SEAir flight DG-7006 flew to Cebu City around 1 p.m. on Tuesday from the Ninoy Aquino International Airport Terminal 4 (formerly the Manila Domestic Airport). The flight utilized a brand-new 144-seater Airbus 319.

SEAir officials, led by its president Avelino Zapanta and chief operations officer Patrick Tan, together with Civil Aviation Authority of the Philippines director general William Hotchkiss III, attended the inaugural rites at the Terminal 4 ramp.

“Cebu is one of the most important destinations in the country and its central location makes it a major gateway to the islands in the Visayas region. Our presence here means an increase in trade and tourism in the region as well as job generation,” Tan said.

Tan said the airline has been working to attract not only travelers to metropolitan Cebu but also to the various resort islands, dive sites and marine sanctuaries in the province such as Malapascua and the Bantayan Islands, Camotes, Olango and Oslob.

With the addition of three daily flights to Cebu, about 300,000 arrivals are expected every year, translating to the creation of jobs directly and indirectly, according to Tan.

SEAir will be flying in and out of Cebu three times daily. A fourth daily flight is awaiting approval from the Civil Aeronautics Board.

To attract passengers, the airline opened for online sale on Tuesday a P1 “one-way, all-in” special rate promo for travel to Cebu from Sept. 1 to 30 this year.

Hotchkiss assured passengers of SEAir and other airlines that the government has been doing all it could to curb congestion and delays at the Ninoy Aquino International Airport.

Hotchkiss, who was appointed to head CAAP a month ago, said the agency’s “consolidated arrival slotting system” has been underway.

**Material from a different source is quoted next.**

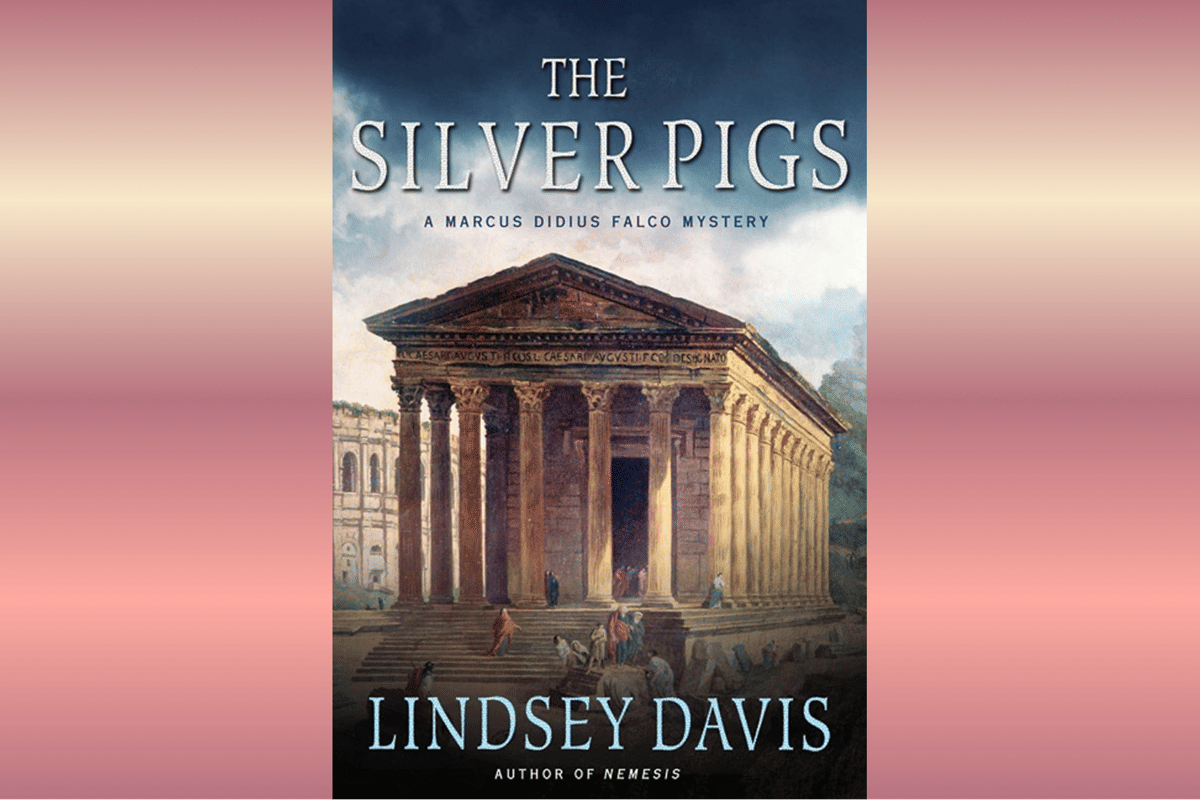 The Silver Pigs.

“We want our flights safe, orderly and expeditious. So far the feedback is nice. We have the same number of flights and yet our arrivals are now orderly and timed so that they don’t happen all at once,” the retired air force general told reporters.

The CAAP has been hard-pressed to cope with the increasing air traffic at NAIA brought about by more foreign tourist arrivals and domestic travelers whom SEAir and other local airlines have been trying to attract with budget fare promos.

The Cebu flight was just the start of SEAir’s ongoing expansion. This August, the airline’s will also send its flights to Tacloban, Iloilo, Puerto Princesa, Davao and Bacolod. Tan said the airline has been eyeing both Manila and Cebu to become its regional hubs.

SEAir’s current main hub is Clark International Airport; it offers flights to Singapore, Hong Kong, Bangkok, Kota Kinabalu and Kalibo. The airline plans to launch more flights soon to Naga, Legazpi, Bohol, Cagayan de Oro, General Santos and Tawi-tawi as wel as international flights to South Korea, Japan, Taiwan and Indonesia.

SEAir, which partnered with the Singapore-based Tiger Airways in 2010, recently converted its operations from that of a leisure airline to a low-cost budget airline.